● Data block:
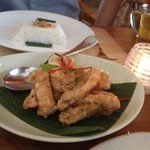 Seribu Rasa - ★6.5ココナッツライス　＆　★7.5エビのスナックのようなもの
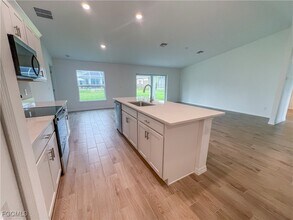 2127 SW 12th Ave in Cape Coral, FL - Building Photo - Building Photo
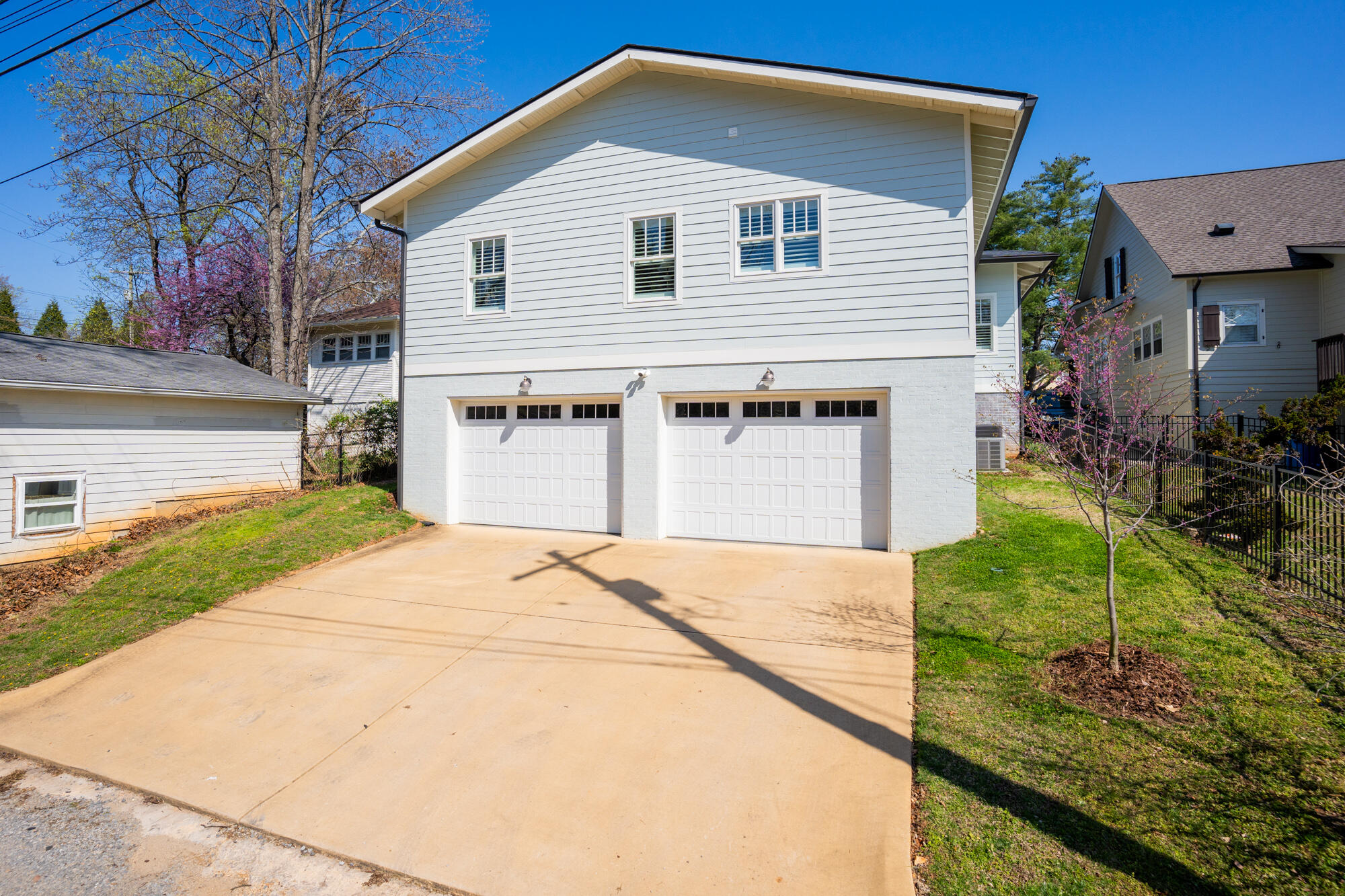 215 Mcfarland Avenue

● Task instructions: Write out the whole listing above exactly; do not include the pictures.

● Final answer:
 Seribu Rasa - ★6.5ココナッツライス　＆　★7.5エビのスナックのようなもの
 2127 SW 12th Ave in Cape Coral, FL - Building Photo - Building Photo
 215 Mcfarland Avenue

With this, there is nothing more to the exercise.